Alibaba Group Executive Chairman Jack Ma has vowed to build up the e-commerce giant’s defenses against the sale of counterfeit products on its Internet marketplaces, saying the company needed to take the lead in the fight.
“Counterfeit products don’t just hurt Alibaba, but also the entire Chinese society and the next generation,” Ma told more than 300 employees during a meeting at Alibaba’s campus in Hangzhou, China, last week. “We don’t want to live in a society without the ability to distinguish truth from lies.”
Facing criticism from some Western brand owners over the sale of fakes on its sprawling online shopping sites, Alibaba has been steadily building up its anti-counterfeit techniques and big data technologies to monitor and police more than a billion product listings on Taobao Marketplace and Tmall.com.
Alibaba has a large in-house anti-counterfeit team and works with hundreds of IP rights holders to more quickly spot and remove listings for fakes. In December, Alibaba established the Platform Governance Unit to oversee commercial regulation of its marketplaces, and also hired Matthew Bassiur, a former senior official for security and IP enforcement at Pfizer and Apple, to head Alibaba’s global intellectual property protection effort.
During a company “Anti-Counterfeit Pledging Conference” attended by Alibaba employees in the fields of technology, branding, data and quality control, Ma emphasized that counterfeits are not solely the company’s problem. Fakes were widely available before e-commerce developed and before Alibaba got its start in 1999, he said, adding that “there is not a single fake product that we want to sell.”
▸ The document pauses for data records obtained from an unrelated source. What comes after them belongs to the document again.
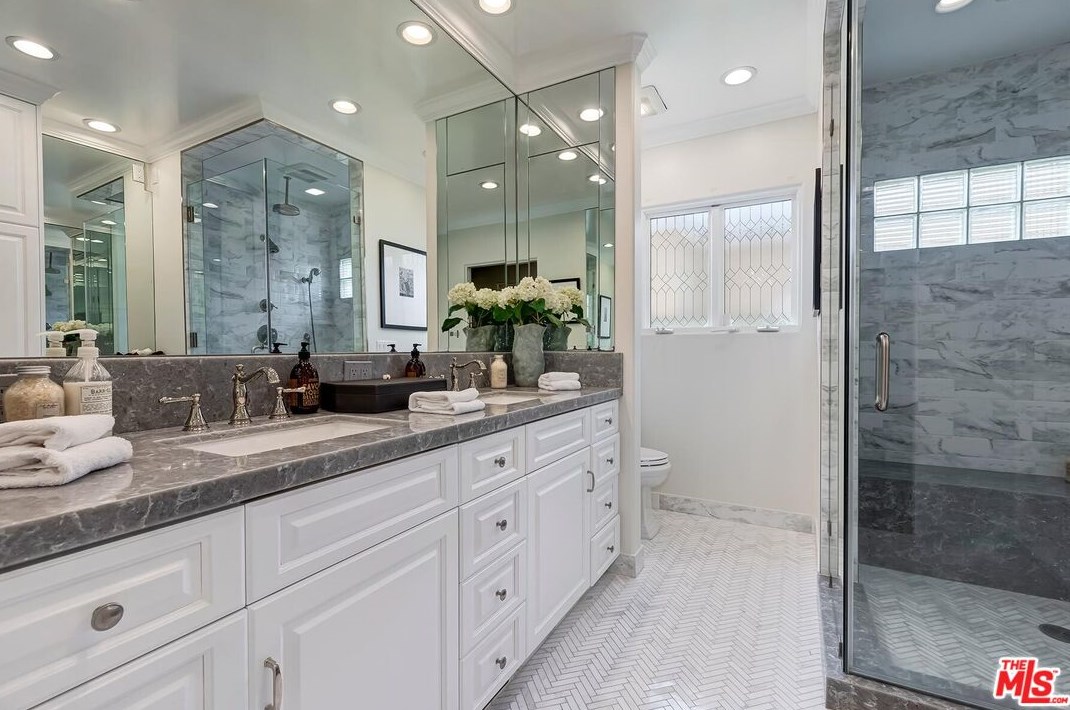 1410 Woodruff Ave, Los Angeles CA  90024-5106 exterior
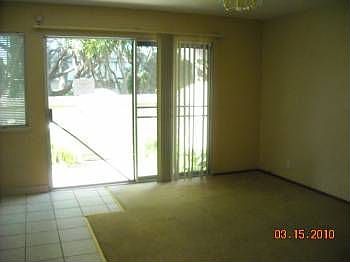 1st image of 996 Ronald Ct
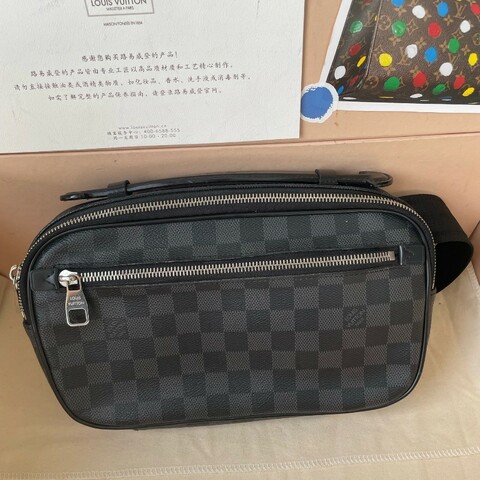 Louis Vuitton  N41289 黑色棋盤格胸包腰包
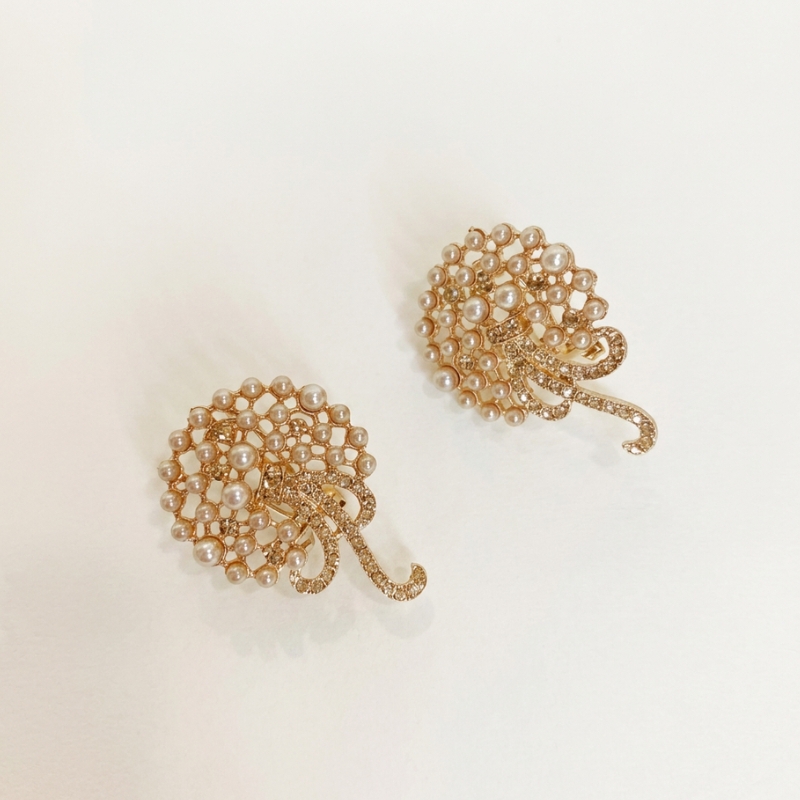 Pearl Floral Stud Earrings for Women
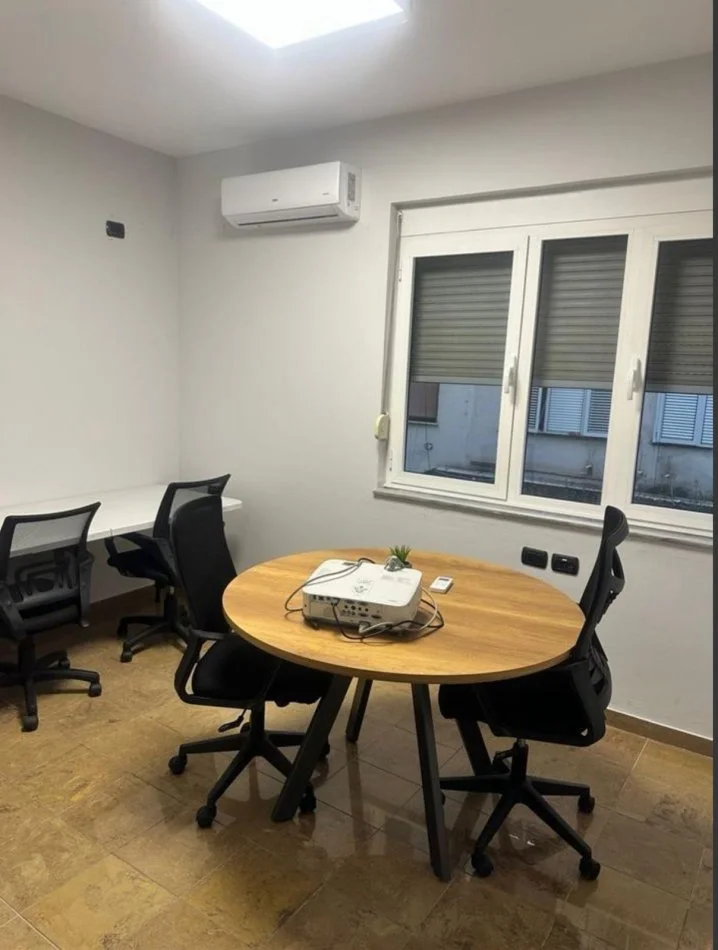 Tirane, jepet me qera ambjent biznesi Kati 4, 1.500 € (BLLOKU)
Controlling—and even eradicating—counterfeits from Alibaba’s e-commerce platforms is essential for the health of the industry, he said. “Anti-counterfeit and anti-(intellectual property) infringement are the foundations of infrastructure for all future commerce.”
“We have seen the problem with the clearest perspective and we have the best anti-counterfeit data analysts and engineers in the world,” Ma said. “Alibaba Group cannot wait to act until other people are ready.”
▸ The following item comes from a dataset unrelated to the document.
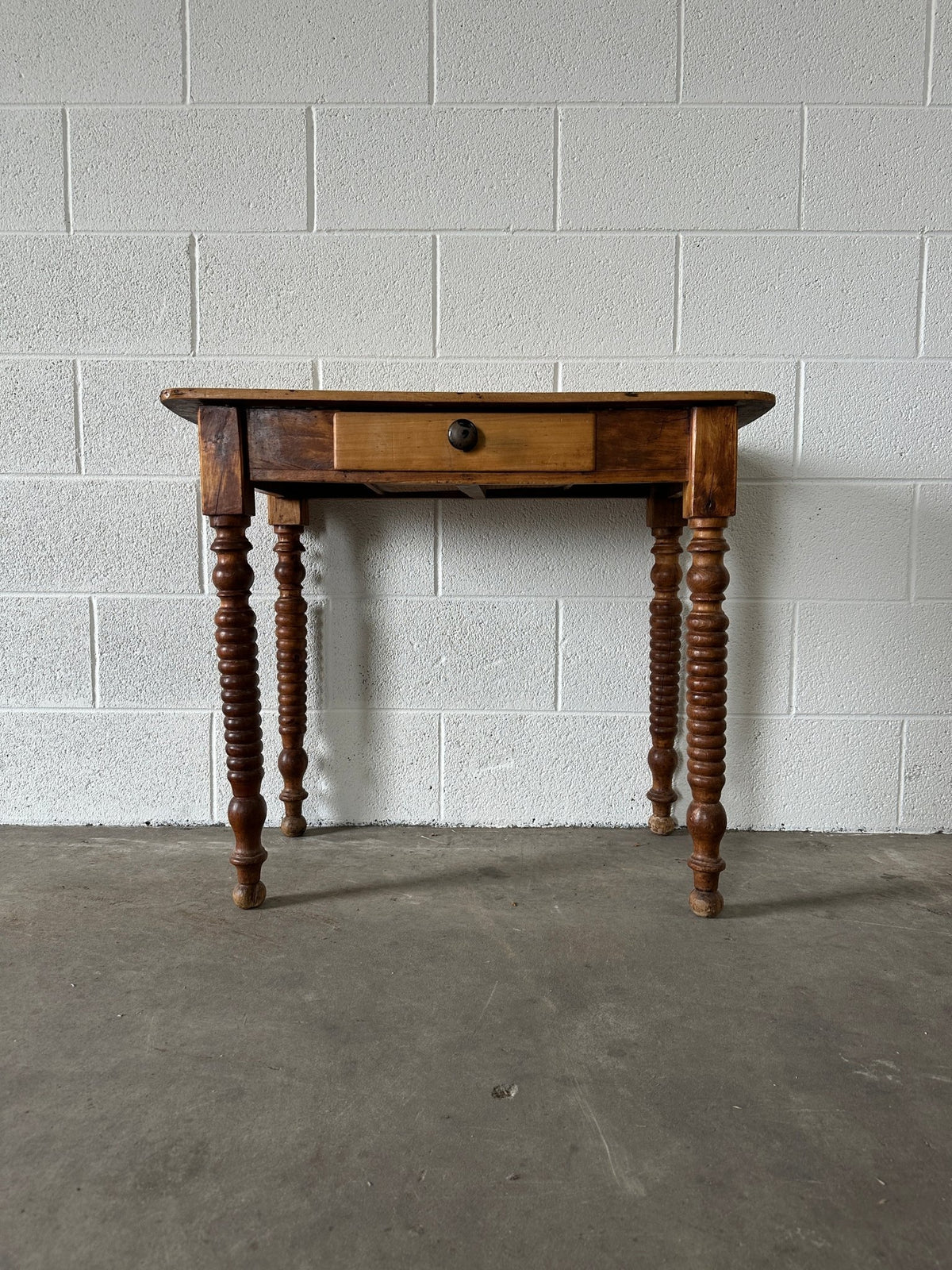 Bobbin Leg Table - House on Horizon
Our final victory only comes when the counterfeit sellers have nowhere to go and no room to exist.
Coming to grips with the problem doesn’t just mean kicking counterfeit merchants off Taobao, he added, since they will migrate to other shopping websites. Alibaba is also working with Chinese authorities to root out the sources of fake products. Between April and September last year, the company helped local law enforcement departments build 330 cases of suspected counterfeiting, of which 279 were resolved. Meanwhile, Alibaba helped police destroy more than 600 counterfeit manufacturing sites and sales venues, contributing to the arrest of 715 suspects.
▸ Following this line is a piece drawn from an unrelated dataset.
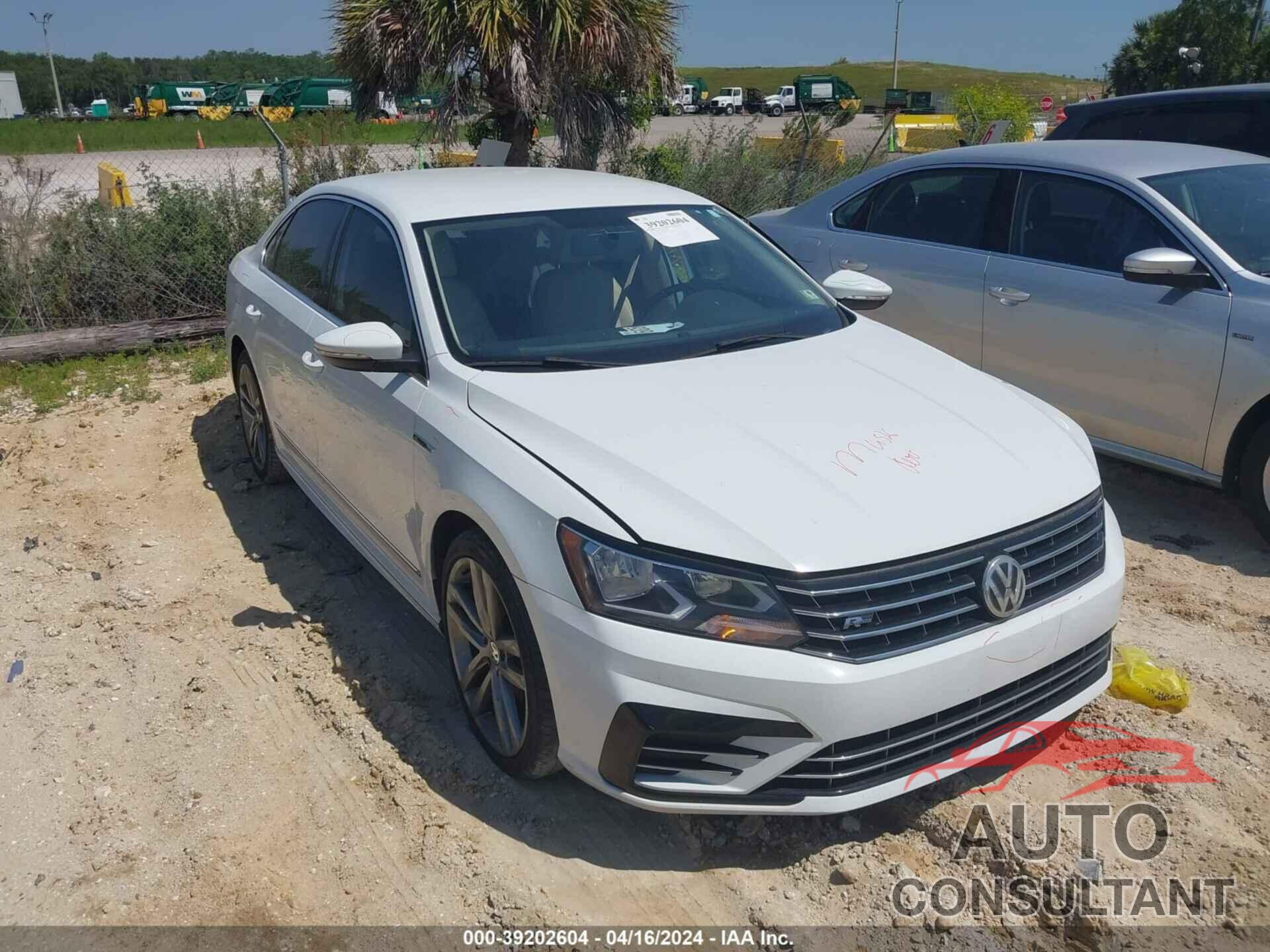 VOLKSWAGEN PASSAT 2017 - 1VWDT7A31HC035762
“We want to protect those with real intellectual properties and let them make money and achieve success,” Ma said. “This way we can have a positive effect on society. Our final victory only comes when the counterfeit sellers have nowhere to go and no room to exist.”
Jessie Zheng, head of Alibaba’s Platform Governance Unit, said during the conference that the company had made “significant quantifiable progress” in controlling the quality of products offered through the company’s sites, in partnering with brands to fight fakes, and in reducing the number of counterfeit product listings.
“This year, the company continues to set no limit on budgeting and hiring” for its anti-counterfeit programs, Zheng said. Alibaba aims over the next three to five years to build China’s most comprehensive and professional anti-counterfeit and anti-IP infringement team, she said.